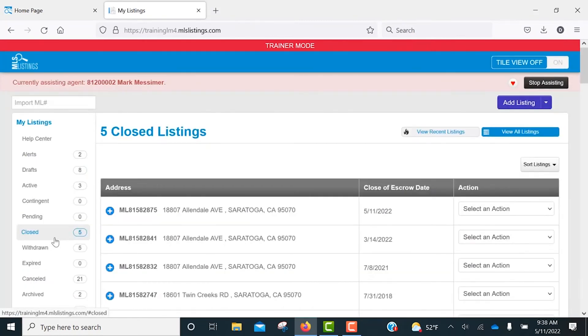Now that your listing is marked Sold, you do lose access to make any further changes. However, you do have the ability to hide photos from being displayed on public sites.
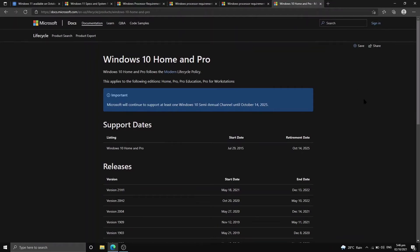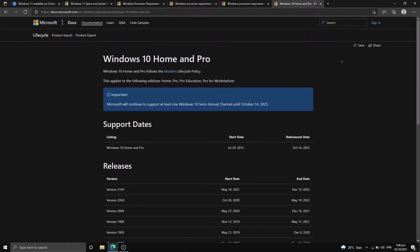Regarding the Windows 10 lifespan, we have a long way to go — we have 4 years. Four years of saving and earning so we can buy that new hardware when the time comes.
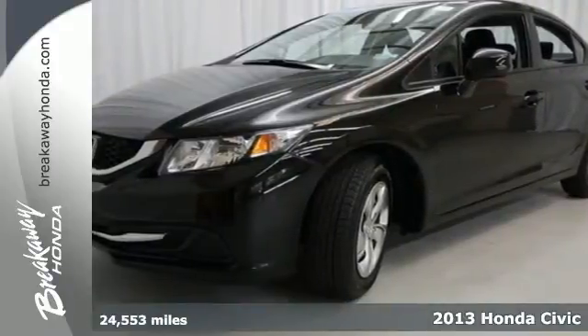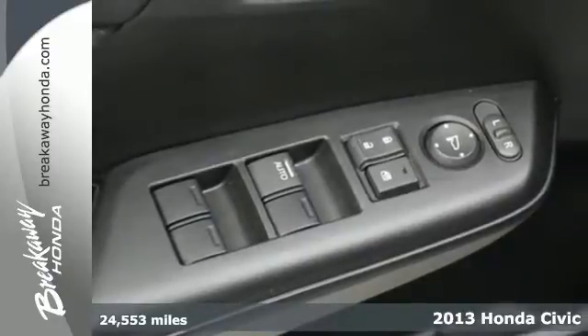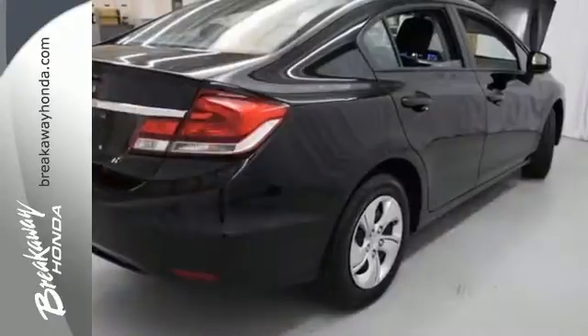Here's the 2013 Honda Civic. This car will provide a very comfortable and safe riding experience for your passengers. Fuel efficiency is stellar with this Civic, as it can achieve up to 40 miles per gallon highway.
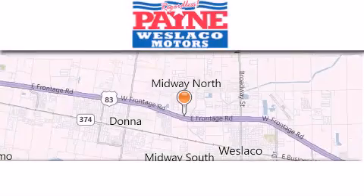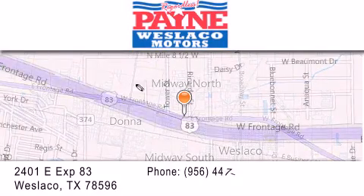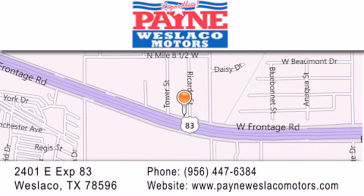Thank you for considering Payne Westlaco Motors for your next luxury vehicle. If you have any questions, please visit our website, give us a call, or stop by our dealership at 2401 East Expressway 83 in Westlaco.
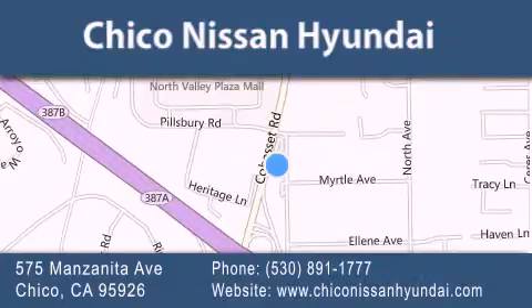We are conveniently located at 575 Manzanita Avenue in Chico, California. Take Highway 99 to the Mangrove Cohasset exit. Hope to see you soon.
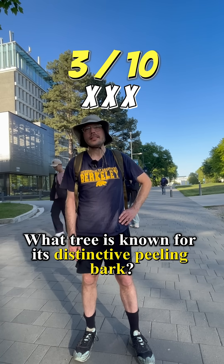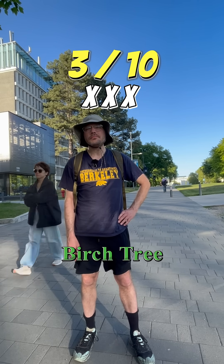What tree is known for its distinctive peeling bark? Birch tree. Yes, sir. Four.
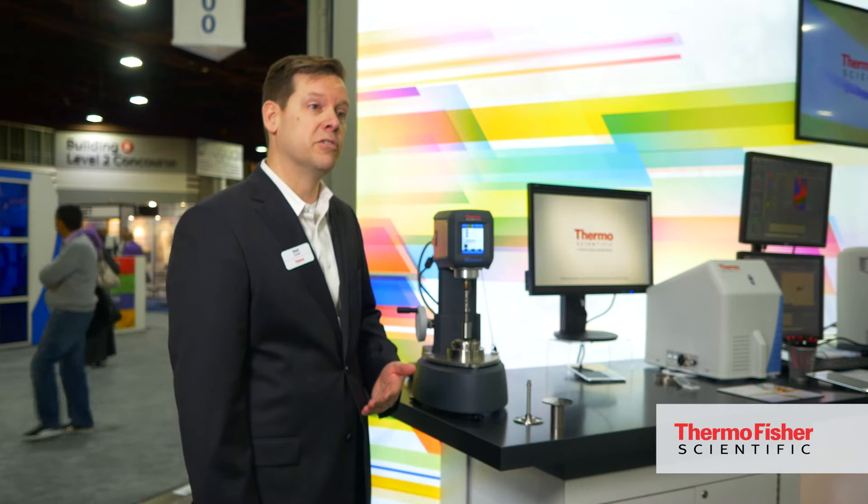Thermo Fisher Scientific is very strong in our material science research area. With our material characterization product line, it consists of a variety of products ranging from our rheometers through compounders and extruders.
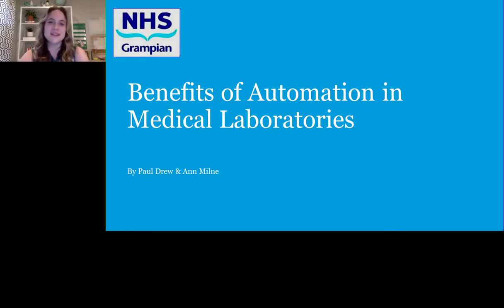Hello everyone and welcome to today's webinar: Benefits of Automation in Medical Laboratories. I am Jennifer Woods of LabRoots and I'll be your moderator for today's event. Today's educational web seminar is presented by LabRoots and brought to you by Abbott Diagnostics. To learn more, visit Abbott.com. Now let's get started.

* * * * *

TASK TO COMPLETE:
Recopy the whole listing above precisely, excluding images.

ANSWER TO THIS PROBLEM:
Now that your listing is marked Sold, you do lose access to make any further changes. However, you do have the ability to hide photos from being displayed on public sites.
Regarding the Windows 10 lifespan, we have a long way to go — we have 4 years. Four years of saving and earning so we can buy that new hardware when the time comes.
Here's the 2013 Honda Civic. This car will provide a very comfortable and safe riding experience for your passengers. Fuel efficiency is stellar with this Civic, as it can achieve up to 40 miles per gallon highway.
Thank you for considering Payne Westlaco Motors for your next luxury vehicle. If you have any questions, please visit our website, give us a call, or stop by our dealership at 2401 East Expressway 83 in Westlaco.
We are conveniently located at 575 Manzanita Avenue in Chico, California. Take Highway 99 to the Mangrove Cohasset exit. Hope to see you soon.
What tree is known for its distinctive peeling bark? Birch tree. Yes, sir. Four.
Thermo Fisher Scientific is very strong in our material science research area. With our material characterization product line, it consists of a variety of products ranging from our rheometers through compounders and extruders.
Hello everyone and welcome to today's webinar: Benefits of Automation in Medical Laboratories. I am Jennifer Woods of LabRoots and I'll be your moderator for today's event. Today's educational web seminar is presented by LabRoots and brought to you by Abbott Diagnostics. To learn more, visit Abbott.com. Now let's get started.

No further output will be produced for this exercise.